As we travel this circle, we grow in wisdom and rounding any curve of it, we can sense change, from childhood to adolescence to adulthood to old age and to what we know as death.

Another client I have been working with lost her parents at a very young age and was adopted into a household where she was accepted. Though she felt loved, she did not feel right or that she was in her right life. Her life felt untrue. She began to work with her deeper self at the soul level or the hub of the circle and by going into her own deeper reality she found that her life was different than the straight line she was living. She found there were many facets and aspects she could meander through. She found that the curve of her life had valleys and peaks and that she could travel along the spokes and do inward or outward. She felt unlimited. She felt she could explore possibilities. She felt her dream life informed her waking life. She began to believe that her birth into her body was but one of many possible lifetimes. She felt there were no endings and really no beginnings.
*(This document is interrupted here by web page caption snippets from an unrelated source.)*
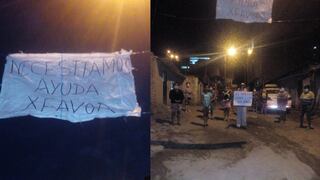 Familia trujillana afectada por huaico y COVID-19 colocó cartel en la calle: ‘Necesitamos ayuda’ | FOTOS
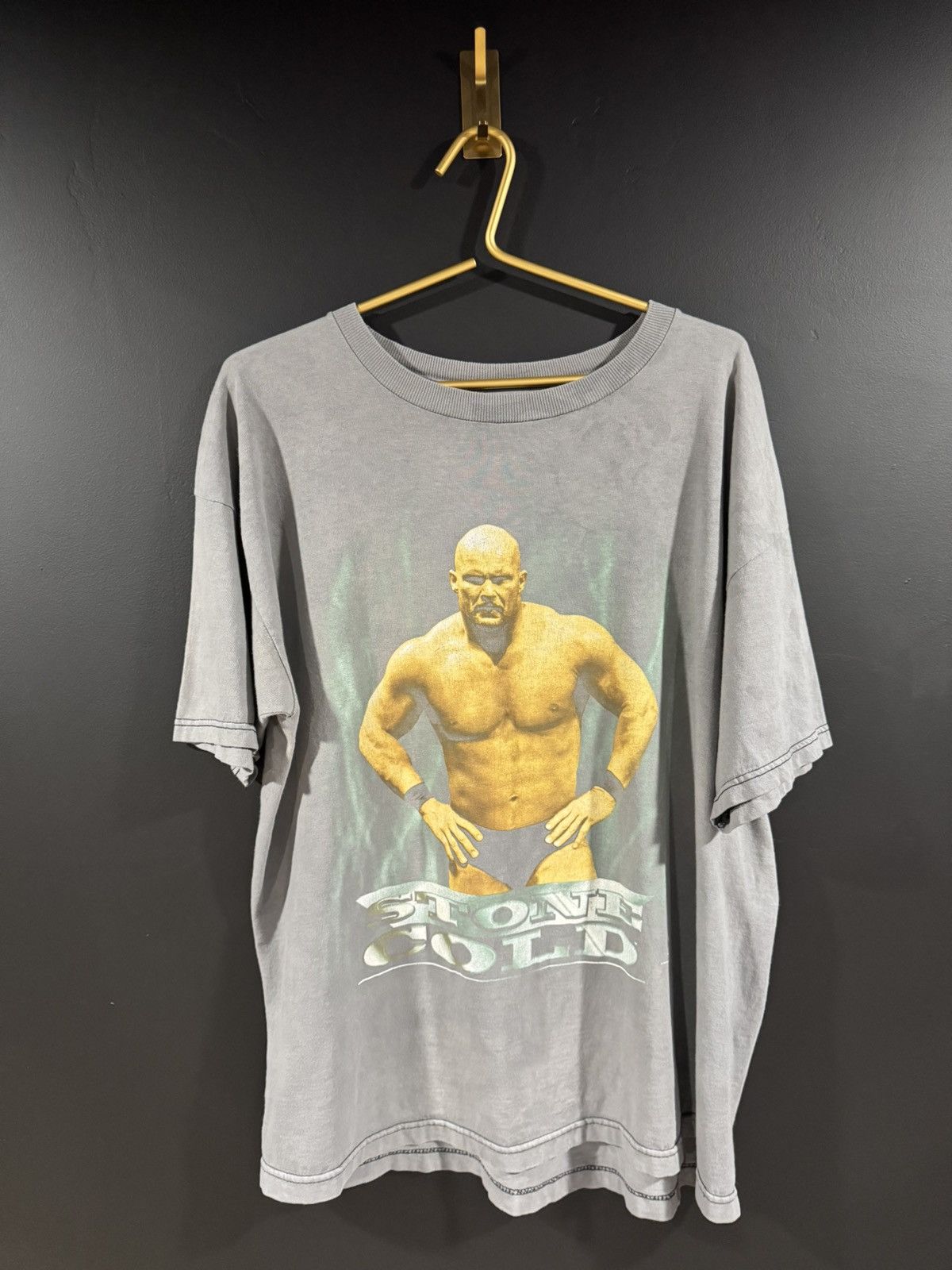 Vintage 1998 Vintage WWF WWE Stone Cold Faded Wrestling Tee XL Size US XL / EU 56 / 4 - 2 Thumbnail
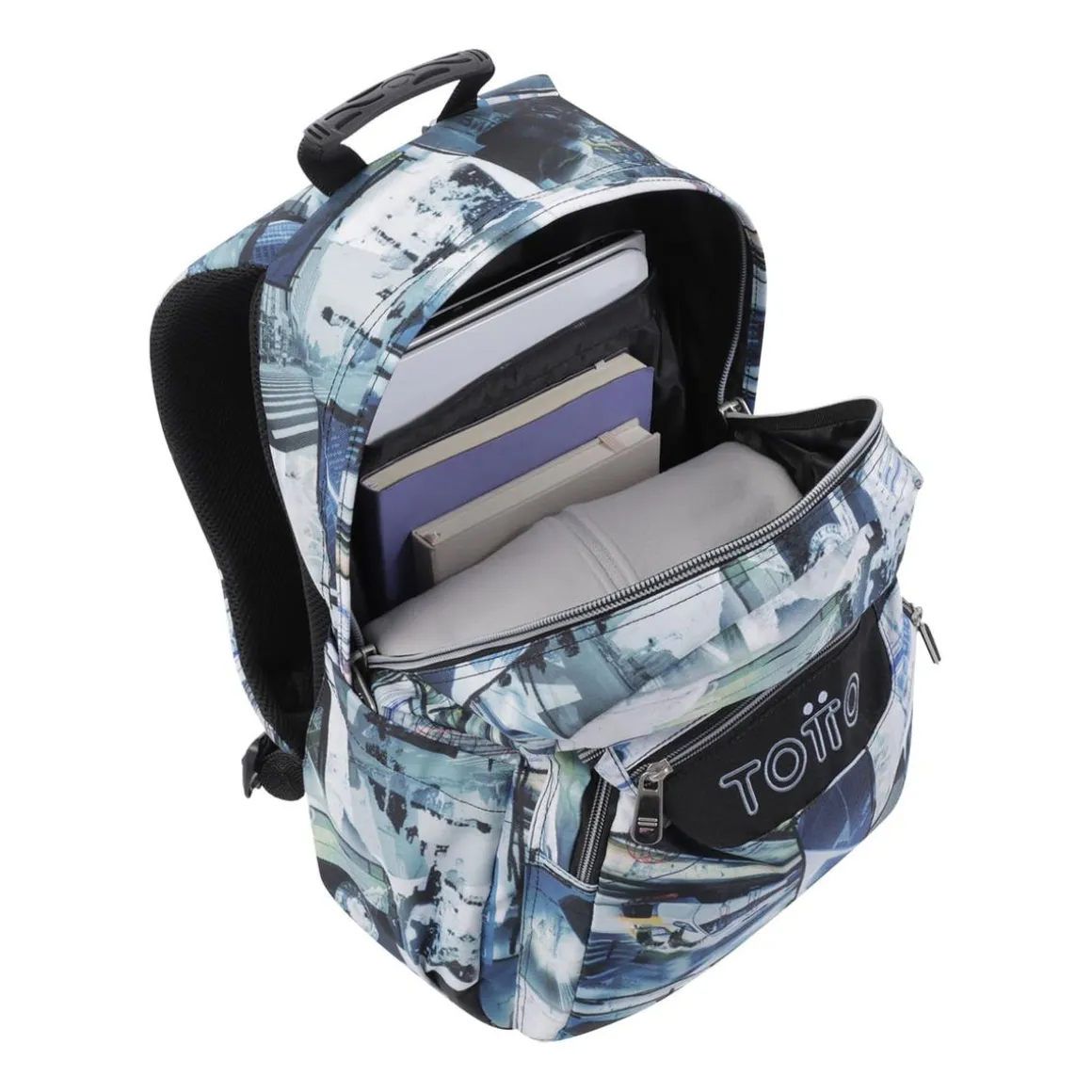 Totto - Mochila escolar postales y casetes Acuarela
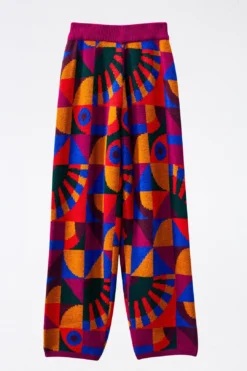 Farm Rio Graphic Toucans Sweater Pants -Farm Rio Shop 303996 06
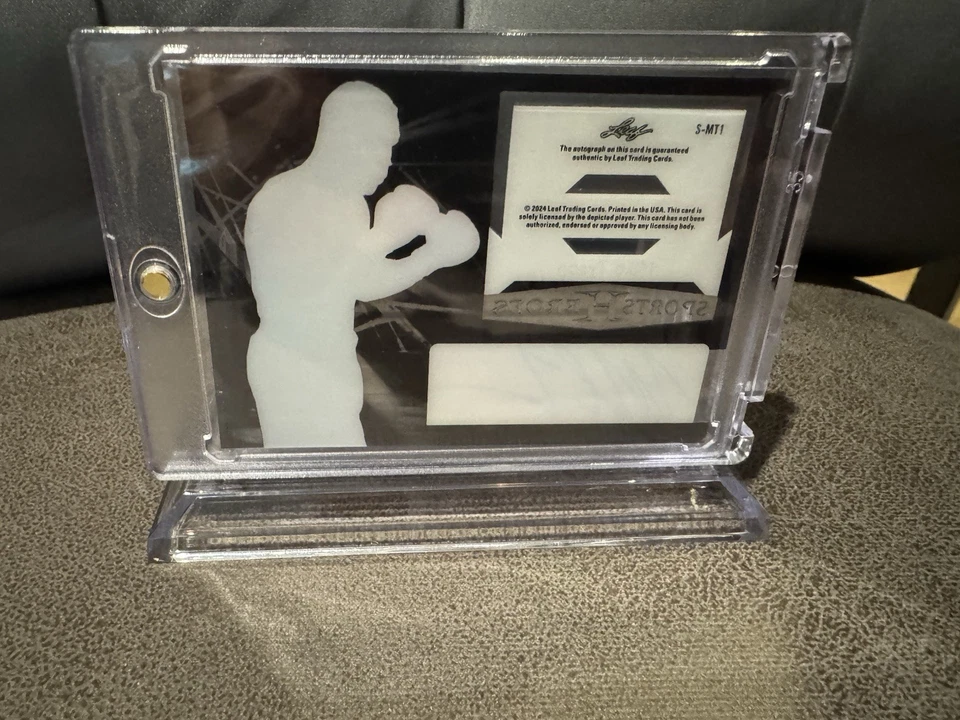 Mike Tyson Auto Leaf Scenography 2024 Card Sports Hero's 🥊 🐐 - Image 2 of 2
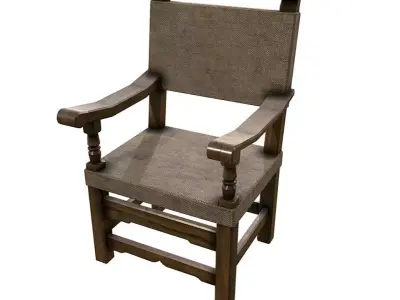 Ornate Chair Low-poly 3D model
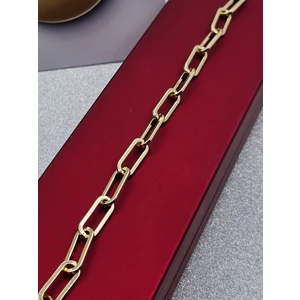 Xuping Zincir Model Çelik Bileklik Gold Renk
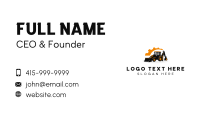 Construction Backhoe Heavy Equipment Business Card Image Preview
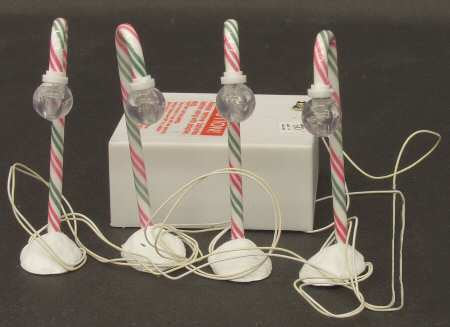 Candy Cane Lampposts (Set of 4)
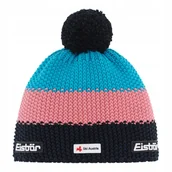 Czapki dla dzieci - Czapka Dziecięca Eisbar Star Pompon Ska Black Strawberry Azure 71117 450 - miniaturka - grafika 1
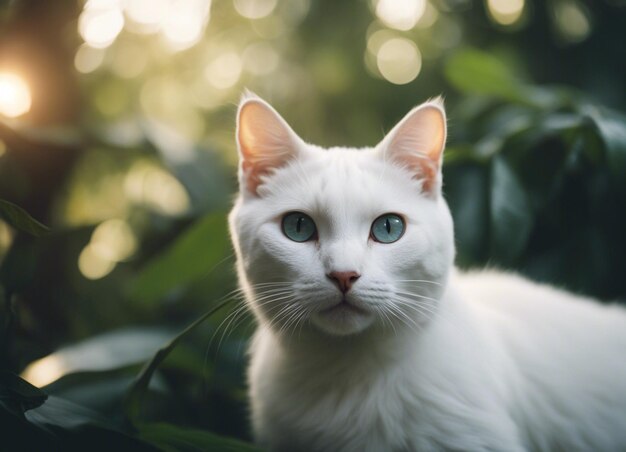 Foto un gatto bianco.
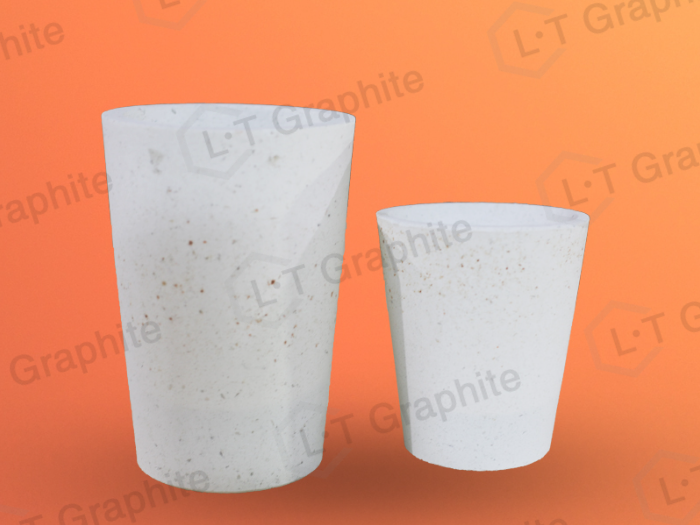 Alumina corundum crucible for smelting iron silicon nickel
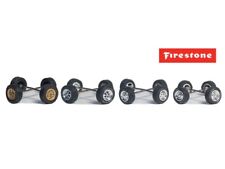 Auto Body Shop Wheel Tire Packs Firestone 164 Scale - Greenlight 16190b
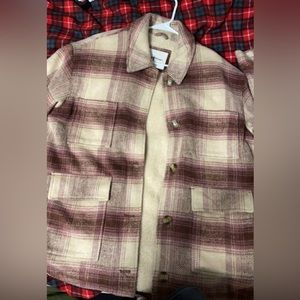 American eagle flannel jacket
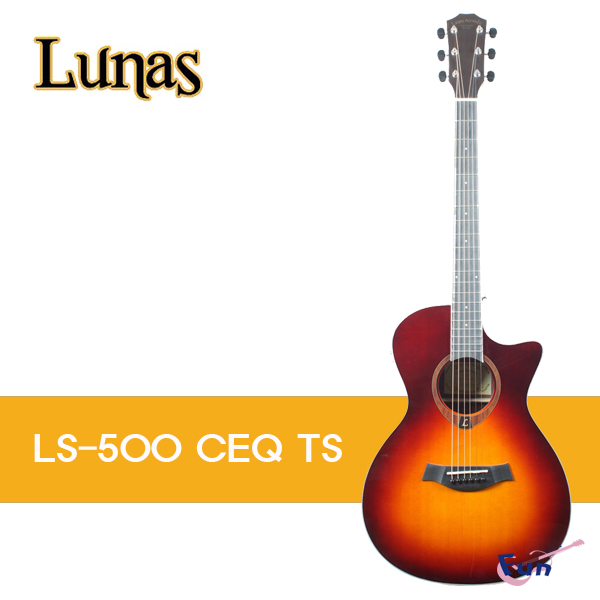 핑거스타일 / 여성용기타 / 학생기타 / Eq기타 추천] 루나스 통기타 Lf500 Ceq Ts / Lunas Acoustic Guitar  Lf-500 Ceq Ts : 펀기타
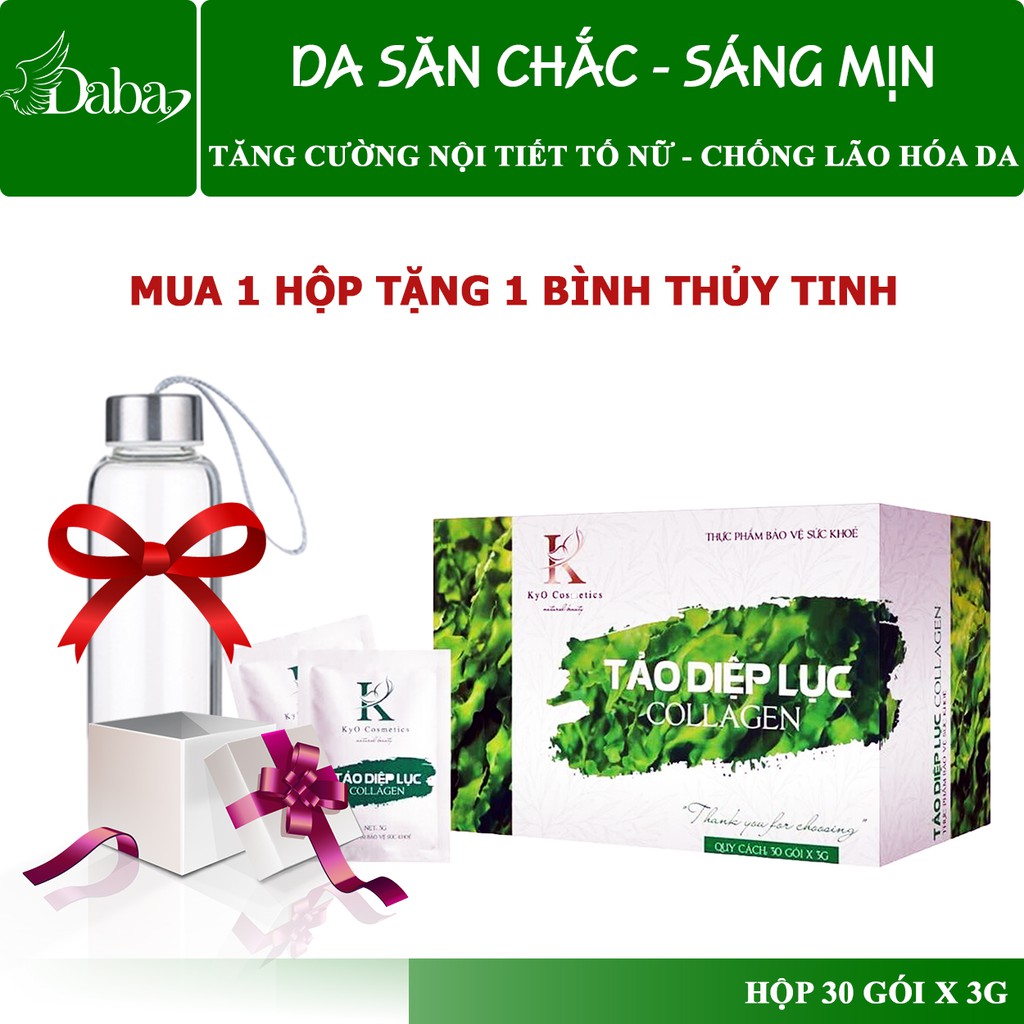 [ KHÔNG ĐÂU RẺ BẰNG ] TẢO DIỆP LỤC - COLLAGEN , tăng cường nội tiết tố phụ nữ, giúp da sáng min, chống lão hóa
She felt free. She began to live from her heartbeat outward into the world. She chose new and different experiences and relationships. She celebrated moments without expecting a different ego influenced outcome.

She gave to others. She fell in love. She traveled around the curve of her life and ventured back and forth to and into her hub or true self. She noted the different parts of her circle. She began to think of death as the beginning of a new life. She lost fear and anxiety. Fear became true moments. Anxiety drifted away like a cloud of disbelief.

To think of living as a continuous event gives us the courage to move forward in a more meandering fashion and not in a hurried, often harried straight line with the anxiety that a dead end can provoke.

Once you remember that the center or hub of the circle of life is our heart and within that drumbeat is the energy force we call self or soul, you’ll find the power to continue to traverse the circle in ways that feed your soul…for life.